And I can think of a thousand reasons why I don't believe in you, 
I don't believe in you and I.

            Kruche palce z całej siły zaciskały się na biały prześcieradle, paznokciami wbijając się w delikatny materiał. Mrok zawładną całym pomieszczeniem, zaczynając od jasnych paneli, przez ściśnięte cząsteczki powietrza, kończąc na suficie, po którym co chwila przebiegały długie cienie koronkowej firanki. W środku było chłodno. Pachniało dymem papierosowym, pustką, smutkiem i rozczarowaniem. Ruchy zimnego powietrza muskały wszystko dookoła, paraliżując swoim dotykiem leżące bezwładnie na łóżku ciało.
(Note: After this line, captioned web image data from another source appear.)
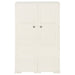 Dulap din plastic, 79x43x125 cm, vanilla ice, design de lemn - WALTI WALTI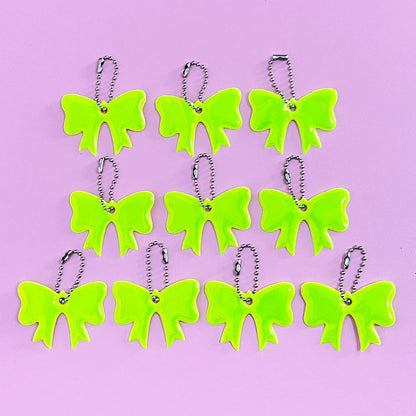 10PCS Reflective Bowknot Pendants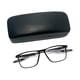 thumbnail image 5 of Gafas De Lectura Deportivas Lectores De Computadora Anti Luz Azul Para Hombres Y Mujeres Negro Gris 200 °, 5 of 5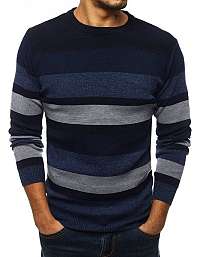 Trendy tmavo granátový pásikavý sveter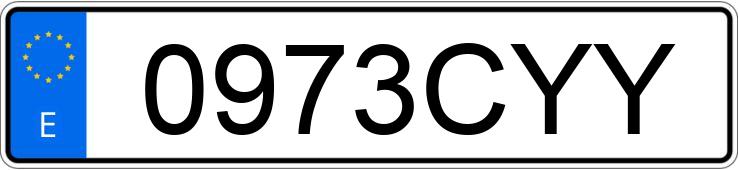 Il numero di registrazione 0973CYY ha CITROEN C2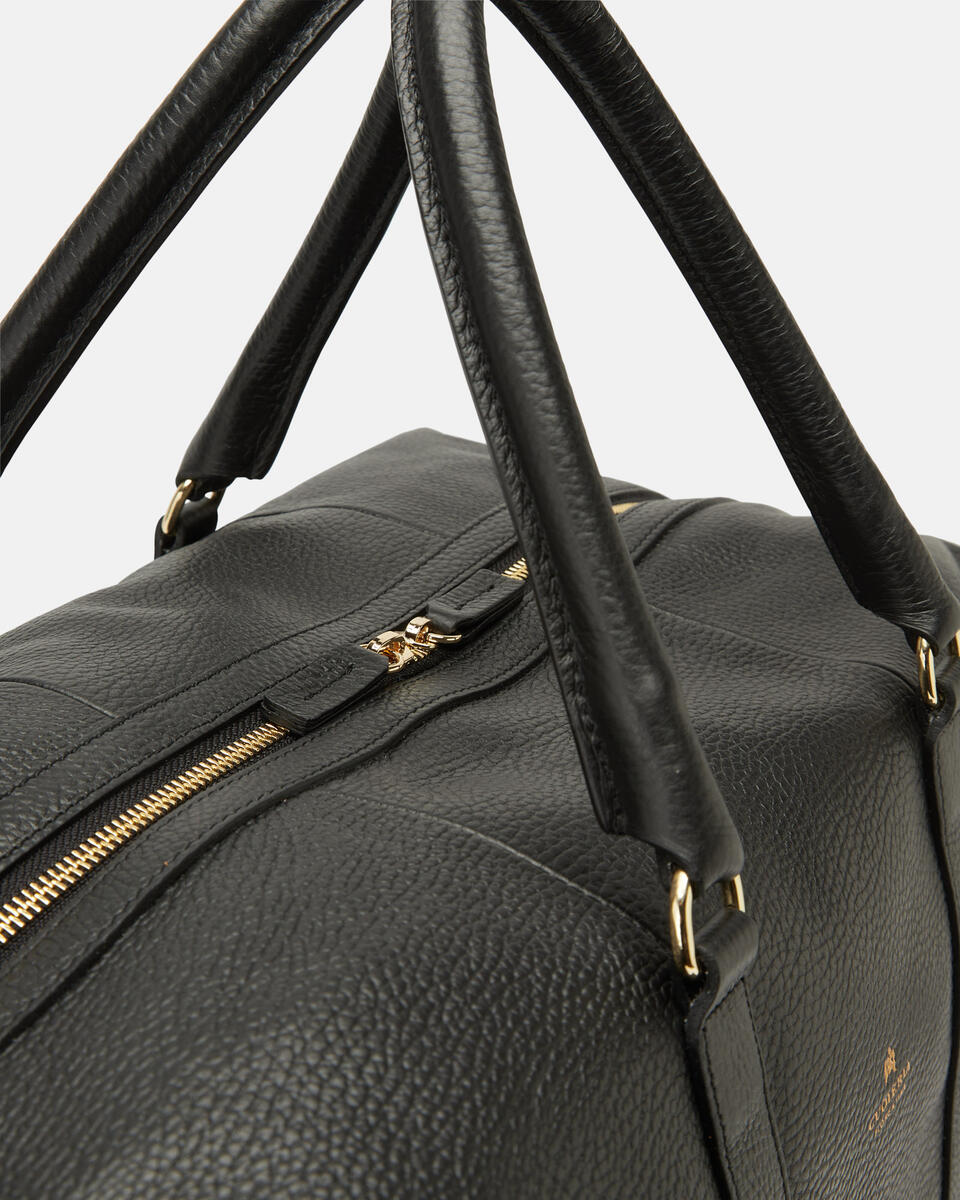 WEEKENDER Black  - Travel Bags - Travel Bags - Cuoieria Fiorentina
            Alabastrowa skór choć pokryta milionem wypustek gęsiej skórki, nie odczuwała zmiany temperatury. Łabędzia szyja wyciągała się w pragnieniu świeżego powietrza, jednak zmęczone ciało nie pozwalało na większe ruchy. Tylko szeroko otwarte, szare oczy bez ruchu wpatrywały się w jakiś punkt na suficie niemo błagając o pomoc, a po porcelanowych policzkach skapywały kolejne, słone łzy.
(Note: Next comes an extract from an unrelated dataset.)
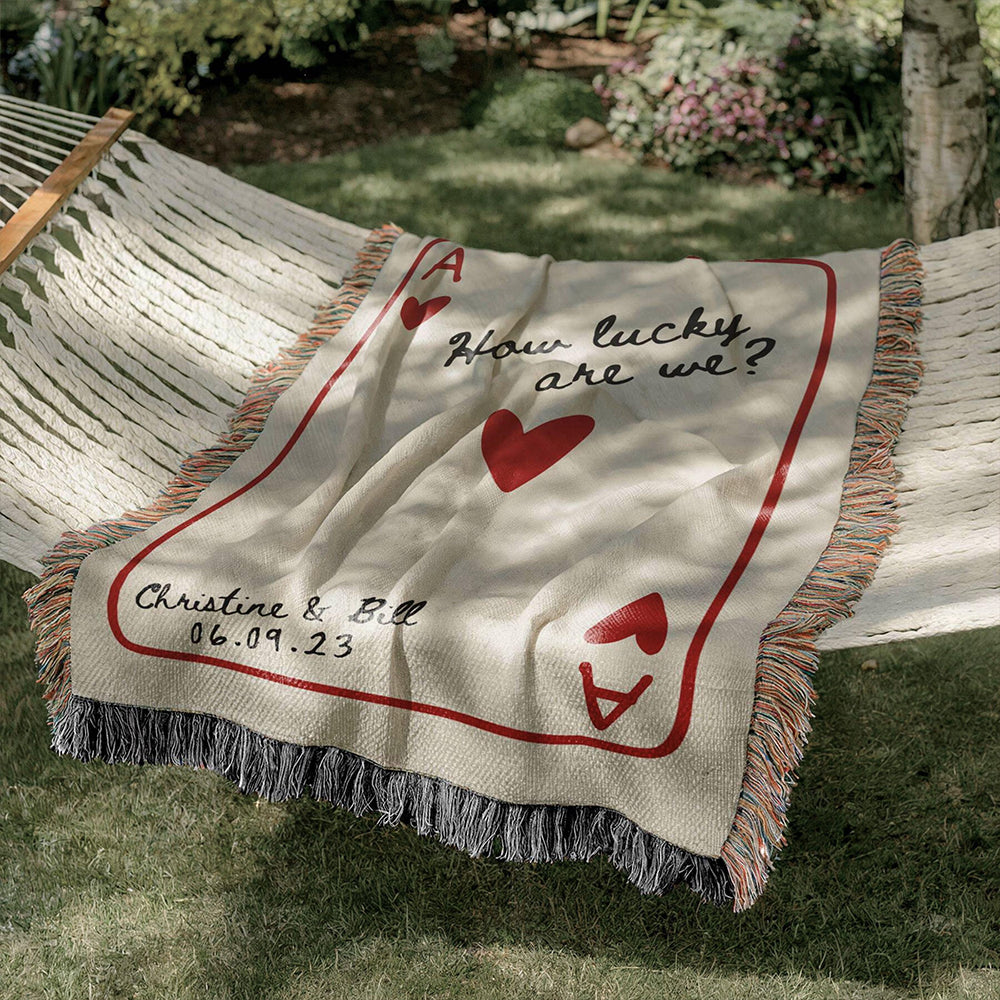 Personalized Anniversary Woven Blanket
            Oddech był ciężki. Palił gardło, rozsadzał płuca. Ciemne włosy lepiły się zarówno do twarzy jak i do nasiąkniętych kroplami skrawków pościeli. Wydawać by się mogło, że sine wargi coś szepczą - jakąś cichą modlitwę. One jednak drżały leciutko, pijąc kolejne dawki żalu jakie wylewały się z jej oczu.
            Livia nie ruszała się. Leżała w jednej pozycji od nie wiadomo jak dawna, pozwalając by w jej wnętrzu nadmiar przeżyć powodował zniszczenie. Czasami tylko przysłaniała usta dłonią, kiedy przychodził kolejny spazmatyczny atak płaczu.
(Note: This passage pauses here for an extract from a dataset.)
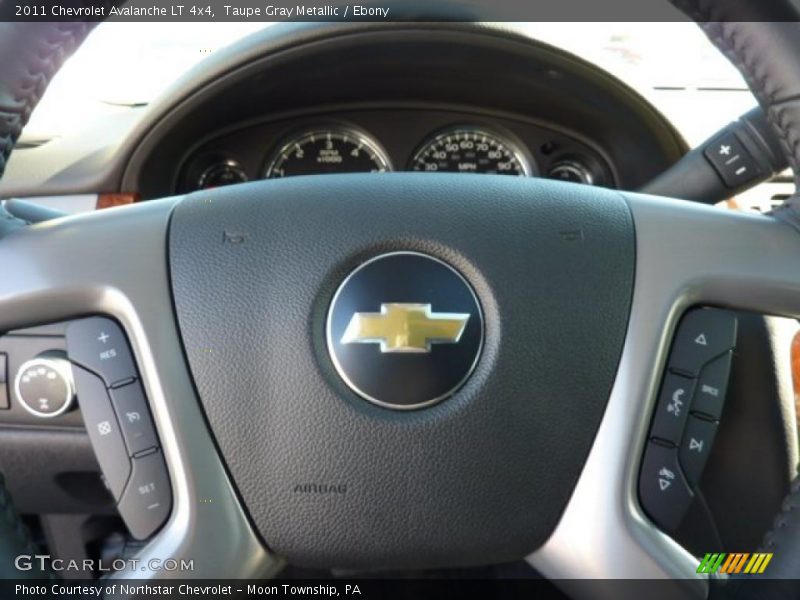 Taupe Gray Metallic / Ebony 2011 Chevrolet Avalanche LT 4x4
            Bo wszystko w jej życiu powoli się zmieniało i podążając do jednego punktu. Była już za słaba by walczyć z samotnością i bólem, który przenikał przez grube materiały swetrów i zagnieżdżał się pod klatką żeber, swoimi szponami wygrywając na chudych kościach usypiającą melodię.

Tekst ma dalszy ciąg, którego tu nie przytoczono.